La composición del suplemento dietético puede ser un polvo, un gel, un líquido o puede estar comprimida o encapsulada.
Aunque cualquier medio farmacéutico adecuado que comprenda la composición puede utilizarse en el contexto de la presente invención, preferentemente, la composición se combina con un vehículo farmacéutico adecuado, tal como dextrosa o sacarosa.
La composición puede administrarse por vía oral en forma de comprimido, cápsula, cápsula blanda, píldora, gel sublingual o como un líquido. La composición puede administrarse con otros componentes, tales como proteínas, aminoácidos en forma libre, hidratos de carbono, azúcares, vitaminas (tales como vitamina D, vitamina C, vitamina B12, vitamina B6, vitamina E y/o vitamina K) y/o minerales.
Además, la composición del medio farmacéutico puede administrarse por vía intravenosa de cualquier manera adecuada. Para la administración por infusión intravenosa, la composición se presenta preferentemente en una forma hidrosoluble no tóxica. La administración intravenosa está especialmente indicada para pacientes hospitalizados que reciben tratamiento intravenoso (IV). Por ejemplo, la composición puede disolverse en una solución intravenosa (por ejemplo, una solución salina o de glucosa) que se administre al paciente. Asimismo, la composición puede añadirse a soluciones nutricionales intravenosas, que pueden incluir aminoácidos, péptidos, proteínas y/o lípidos. Las cantidades de la composición a administrar por vía intravenosa pueden ser similares a los niveles utilizados en la administración oral. La infusión intravenosa puede controlarse mejor y ser más precisa que la administración oral.

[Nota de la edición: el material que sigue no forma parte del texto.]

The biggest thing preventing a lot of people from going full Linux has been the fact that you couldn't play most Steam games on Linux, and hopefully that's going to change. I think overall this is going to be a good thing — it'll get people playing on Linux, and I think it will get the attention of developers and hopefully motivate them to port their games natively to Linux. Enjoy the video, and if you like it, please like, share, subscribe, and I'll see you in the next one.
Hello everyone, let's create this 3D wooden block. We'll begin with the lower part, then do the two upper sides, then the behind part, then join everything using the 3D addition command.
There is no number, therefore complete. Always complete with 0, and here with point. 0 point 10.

Los métodos para calcular la frecuencia con la que se administra la composición son bien conocidos en la técnica y puede utilizarse cualquier frecuencia de administración adecuada dentro del contexto de la presente invención (por ejemplo, una dosis de 6 g al día o dos dosis de 3 g al día) y durante cualquier periodo de tiempo adecuado (por ejemplo, puede administrarse una dosis única durante un periodo de tiempo de cinco minutos o durante un periodo de tiempo de una hora o, como alternativa, pueden administrarse dosis múltiples durante un periodo de tiempo prolongado). El HMB puede administrarse durante un periodo de tiempo prolongado, tal como semanas, meses o años.

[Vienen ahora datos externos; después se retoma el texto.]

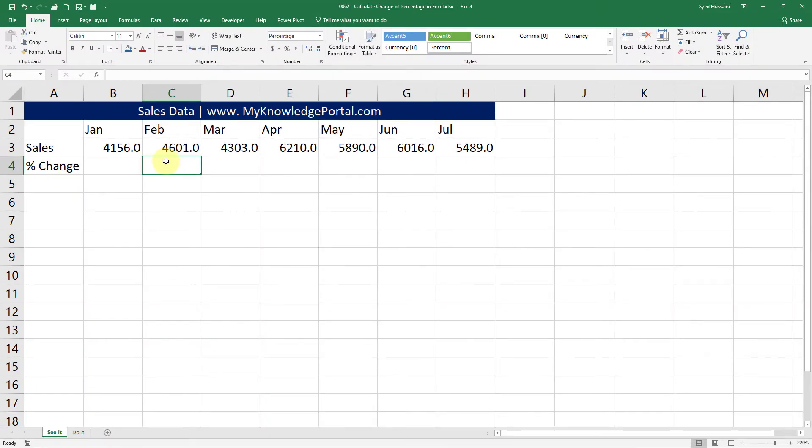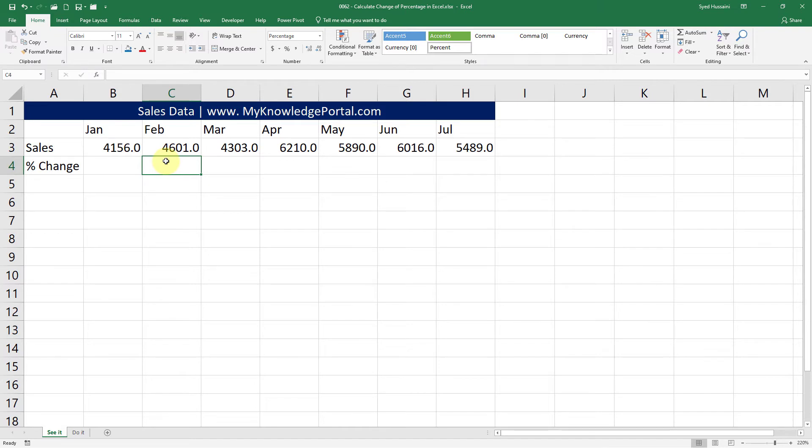With this data in front of me I have some sales numbers. Now what I really want is I would like to see the change of percentage from the month of Jan to Feb, how much change happened and from Feb to March and so on. So I would like to see that number in percentage.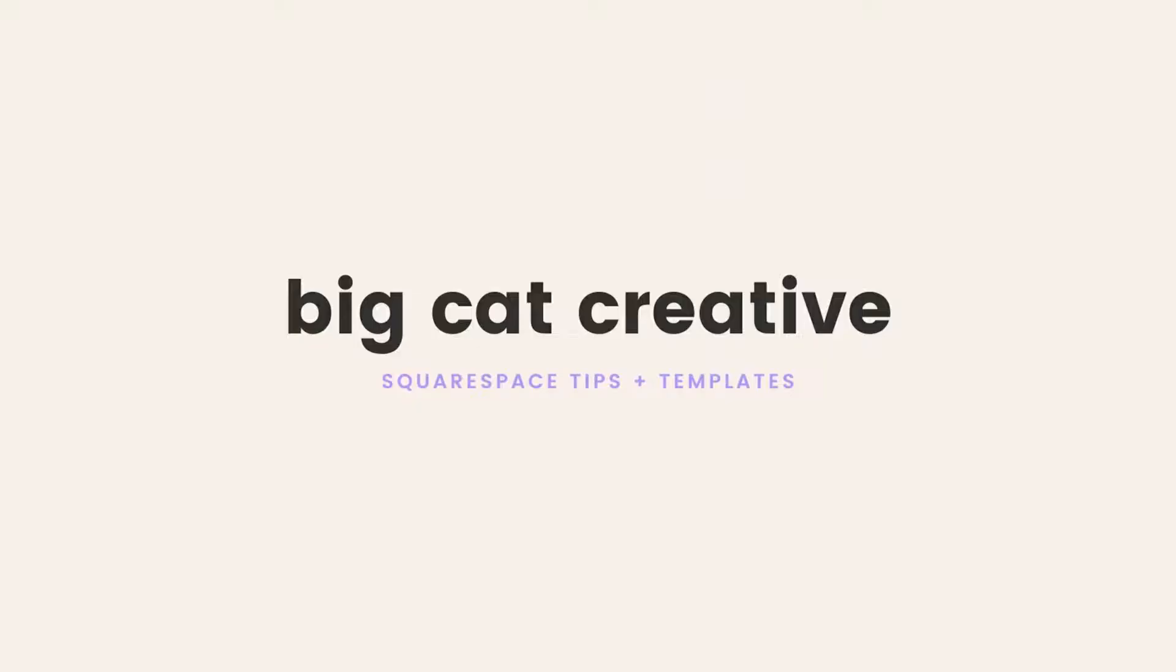Hey guys, it's Erica here from VidCat Creative and today I'm going to show you exactly how I embed my Interact quiz on my website behind a button.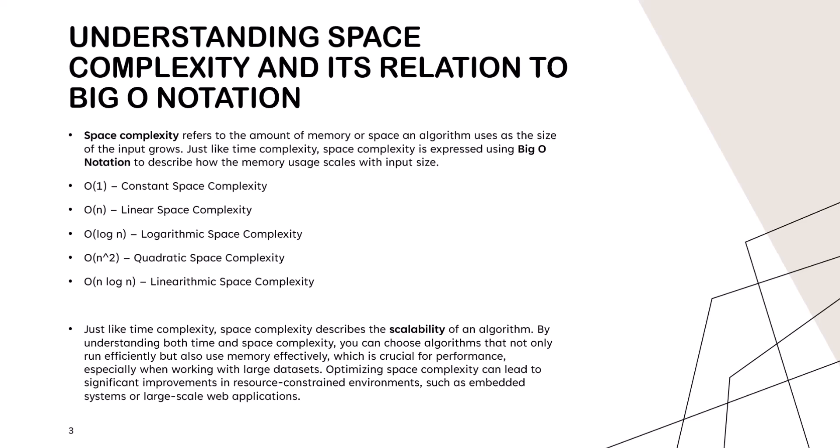For example, O(1) space complexity means the algorithm uses the same amount of memory, regardless of input size. O(n) space complexity means the memory usage grows in proportion to the input size.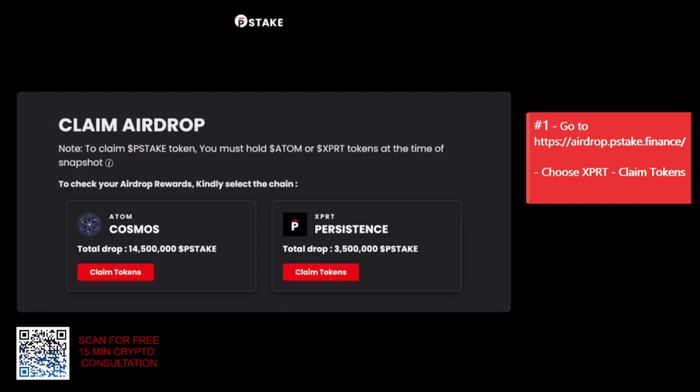We're going to go to airdrop.pstake.finance — the link is in the description below. You're going to choose what chain you're going to claim the tokens from. I'm going over the persistence chain.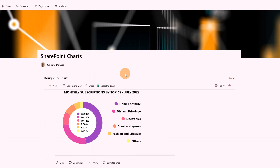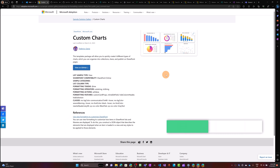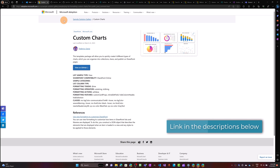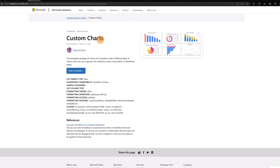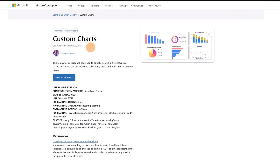It's time to show you how to implement these charts. I'm now on the Microsoft Adoption web page. This is the solution I'm talking about — 'Custom Charts' — thanks and credits to Federico Sapia, who implemented this solution in SharePoint and made it free for everybody in the community to enjoy.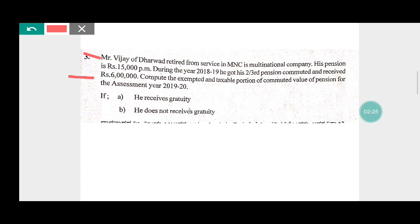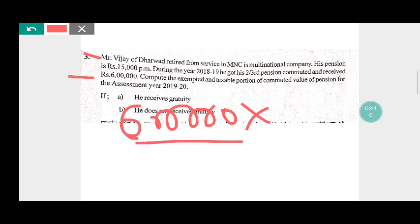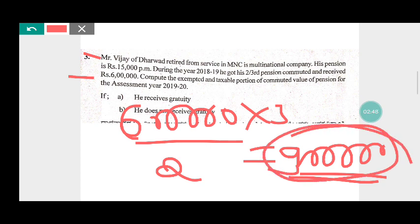Mr. Vijay received the commuted pension. To find the total value of pension, we take the six lakh which is received by him — that is two-third — divided by two and multiplied by three. You will get nine lakh as a total pension. So the full value of pension is nine lakh, out of which he received six lakh, that means two-third.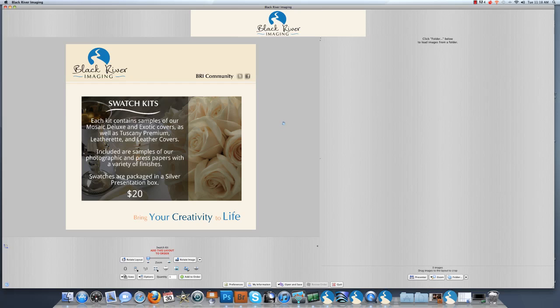You will want to open your Black River Imaging ROSE software. Once it is opened, this is what you will see.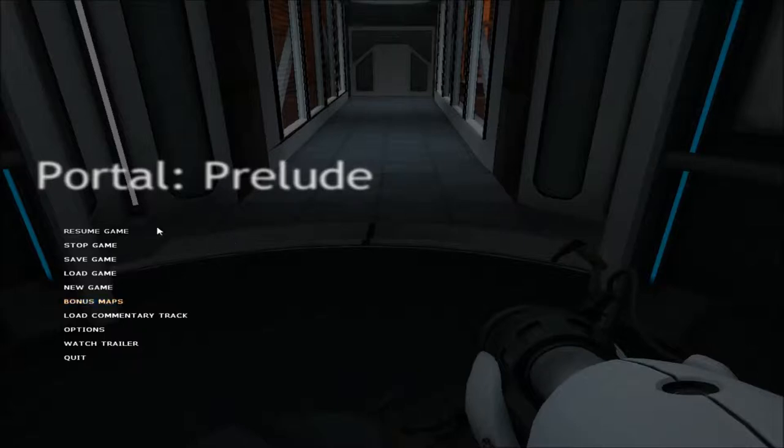Hello, people of YouTube! CrystallizedZeroRose here, returning once again with more Portal Prelude.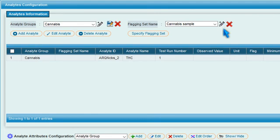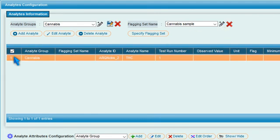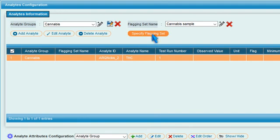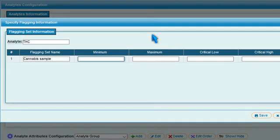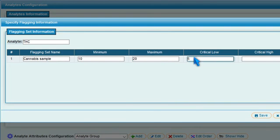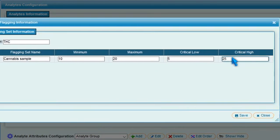To specify information for the selected flagging set, select an analyte and then press Specify flagging set. Specify Minimum, Maximum, Critical Low and Critical High values and press Save.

Cualquier dosis adecuada de HMB puede ser utilizada dentro del contexto de la presente invención. Los métodos para calcular las dosis adecuadas son bien conocidos en la técnica.
En general, una cantidad de HMB se administrará en los niveles suficientes para dar lugar a la lipólisis potenciada, el aumento de la oxidación de las grasas de los adipocitos, la biogénesis mitocondrial inducida en adipocitos y músculos, el aumento del gasto energético y el aumento de la pérdida de grasa. Estos efectos se observan con o sin restricción calórica y sin necesidad de hacer ejercicio.
Ejemplos experimentales
Los siguientes ejemplos ilustrarán la invención con más detalle. Se entenderá con facilidad que la composición de la presente invención, tal como se describe e ilustra en general en los ejemplos del presente documento, podría sintetizarse en una diversidad de formulaciones y formas farmacéuticas. Así pues, la siguiente descripción más
detallada de las presentes realizaciones preferidas de los métodos, formulaciones y composiciones de la presente invención no pretende limitar el alcance de la invención, tal como se reivindica, sino que es meramente representativa de las presentes realizaciones preferidas de la invención.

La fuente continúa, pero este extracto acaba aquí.